Consolidando sua carreira como diretora de comédias, Júlia dirigiu em 2018 o terceiro exemplar da bem-sucedida franquia De Pernas pro Ar, com Ingrid Guimarães. O filme teve lançamento de peso, em 1010 salas, em 2019, mas sofreu um baque ao ser retirado de 770 delas na segunda semana, apesar do sucesso, para dar lugar a Vingadores: Ultimato. O ministro da Cultura do governo Temer, Sergio Sá Leitão, na saída não deixara assinada a Cota de Tela, que, vigente desde 1932, assegurava uma fatia das salas exibidoras aos filmes nacionais, devendo ser renovada anualmente.
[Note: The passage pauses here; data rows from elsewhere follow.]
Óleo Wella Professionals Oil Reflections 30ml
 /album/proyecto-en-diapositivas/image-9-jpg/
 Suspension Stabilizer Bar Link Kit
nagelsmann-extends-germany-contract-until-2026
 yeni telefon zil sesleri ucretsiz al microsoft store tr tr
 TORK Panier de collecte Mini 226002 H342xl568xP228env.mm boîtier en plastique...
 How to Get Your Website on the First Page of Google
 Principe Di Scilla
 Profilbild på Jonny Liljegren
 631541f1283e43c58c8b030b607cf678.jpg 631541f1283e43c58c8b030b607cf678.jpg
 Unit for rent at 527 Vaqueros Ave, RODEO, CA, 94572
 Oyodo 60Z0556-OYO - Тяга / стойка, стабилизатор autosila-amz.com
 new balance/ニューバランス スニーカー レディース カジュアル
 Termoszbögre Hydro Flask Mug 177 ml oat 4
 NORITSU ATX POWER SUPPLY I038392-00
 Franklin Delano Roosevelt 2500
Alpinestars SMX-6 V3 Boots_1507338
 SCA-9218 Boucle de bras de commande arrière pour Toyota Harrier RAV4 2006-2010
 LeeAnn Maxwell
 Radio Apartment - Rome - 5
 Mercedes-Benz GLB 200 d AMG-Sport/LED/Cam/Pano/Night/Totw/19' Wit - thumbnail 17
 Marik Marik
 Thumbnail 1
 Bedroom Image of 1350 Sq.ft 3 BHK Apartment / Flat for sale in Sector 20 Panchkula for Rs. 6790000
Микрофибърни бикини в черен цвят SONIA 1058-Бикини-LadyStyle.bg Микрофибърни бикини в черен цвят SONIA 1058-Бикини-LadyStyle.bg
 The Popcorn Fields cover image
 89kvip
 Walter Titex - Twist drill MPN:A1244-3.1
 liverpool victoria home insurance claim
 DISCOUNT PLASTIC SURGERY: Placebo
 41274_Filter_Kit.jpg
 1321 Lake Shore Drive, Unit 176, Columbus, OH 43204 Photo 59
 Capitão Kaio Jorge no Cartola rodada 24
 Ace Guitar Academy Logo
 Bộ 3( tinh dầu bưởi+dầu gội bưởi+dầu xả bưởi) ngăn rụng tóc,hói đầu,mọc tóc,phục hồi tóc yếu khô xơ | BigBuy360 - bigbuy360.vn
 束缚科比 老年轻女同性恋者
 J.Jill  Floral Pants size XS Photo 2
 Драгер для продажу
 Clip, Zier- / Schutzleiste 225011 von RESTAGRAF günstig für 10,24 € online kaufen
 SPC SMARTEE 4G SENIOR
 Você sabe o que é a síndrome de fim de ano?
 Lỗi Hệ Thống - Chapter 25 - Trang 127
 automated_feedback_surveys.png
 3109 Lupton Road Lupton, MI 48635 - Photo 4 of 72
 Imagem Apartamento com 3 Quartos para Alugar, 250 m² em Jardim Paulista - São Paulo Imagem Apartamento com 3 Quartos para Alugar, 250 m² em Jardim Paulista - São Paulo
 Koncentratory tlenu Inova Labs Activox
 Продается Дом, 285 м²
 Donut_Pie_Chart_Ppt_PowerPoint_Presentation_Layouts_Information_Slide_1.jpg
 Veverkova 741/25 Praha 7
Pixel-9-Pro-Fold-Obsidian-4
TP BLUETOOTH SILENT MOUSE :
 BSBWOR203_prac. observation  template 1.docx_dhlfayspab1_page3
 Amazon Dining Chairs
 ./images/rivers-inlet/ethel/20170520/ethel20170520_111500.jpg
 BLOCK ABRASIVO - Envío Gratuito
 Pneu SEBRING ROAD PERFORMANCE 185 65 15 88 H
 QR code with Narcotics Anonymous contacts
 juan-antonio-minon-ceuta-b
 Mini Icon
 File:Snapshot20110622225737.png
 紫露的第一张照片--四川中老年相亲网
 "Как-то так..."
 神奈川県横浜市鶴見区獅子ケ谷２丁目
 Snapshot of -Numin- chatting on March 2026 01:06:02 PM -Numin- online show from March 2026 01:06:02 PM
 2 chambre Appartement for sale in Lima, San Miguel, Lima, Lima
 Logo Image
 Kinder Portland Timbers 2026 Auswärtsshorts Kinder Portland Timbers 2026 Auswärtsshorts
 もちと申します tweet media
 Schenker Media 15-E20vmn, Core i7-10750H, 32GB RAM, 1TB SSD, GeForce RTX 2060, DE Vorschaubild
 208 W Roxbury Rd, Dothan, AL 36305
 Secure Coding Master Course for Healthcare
Assim, Vingadores: Ultimato que nos EUA ocupou entre 12 e 13% das salas daquele país, aqui ocupou nada menos do que inconcebíveis 92% do circuito.
A consultora Vera Zaverucha, em entrevista, aponta o perigo dessa sujeição do mercado nacional aos conglomerados estrangeiros que, por interesse próprios, pressionam por regulação mínima e combatem a cota de tela. O mercado brasileiro, afinal, é apetitoso. Estima-se, por exemplo, que seja o segundo do mundo na área de plataformas VOD.
Muitos foram os resultados da atuação da Ancine nessas duas décadas do século 21, como a Lei 12.485/2011, que obrigou a produção a uma descentralização fora do eixo Rio/São Paulo. Assim, foram surgindo novas expressões e olhares, como das realizadoras indígenas.
Um exemplo foi Graci Guarani, proveniente do povo Guarani-Kaiowaá do MS, que assinou curtas marcantes como Mãos de Barro, Mensageiros do Futuro e Tempo Circular. Outro exemplo: o média Teko Haxy - Ser Imperfeita, que registra os intercâmbios entre as diretoras Patrícia Ferreira Pará Yiapy e Sophia Pinheiro.
Experiências marcantes de linguagem vieram no trabalho de outras diretoras, como a paulistana Eliane Caffé, traduzindo em Era o Hotel Cambridge uma experiência colaborativa que envolveu membros do movimento sem-teto da capital paulista não apenas como personagens mas como co-realizadores.
Iniciativas como a criação da Comissão de Diversidade na Ancine - na gestão de Débora Ivanov - e da OCA (Observatório Brasileiro de Cinema e Audiovisual) simbolizam a seriedade e a ambição das políticas para o audiovisual destas duas décadas do século 21, que viram o surgimento de 156 novas cineastas. Tudo isso serve de alento para o movimento de resistência aos tempos obscurantistas deste momento.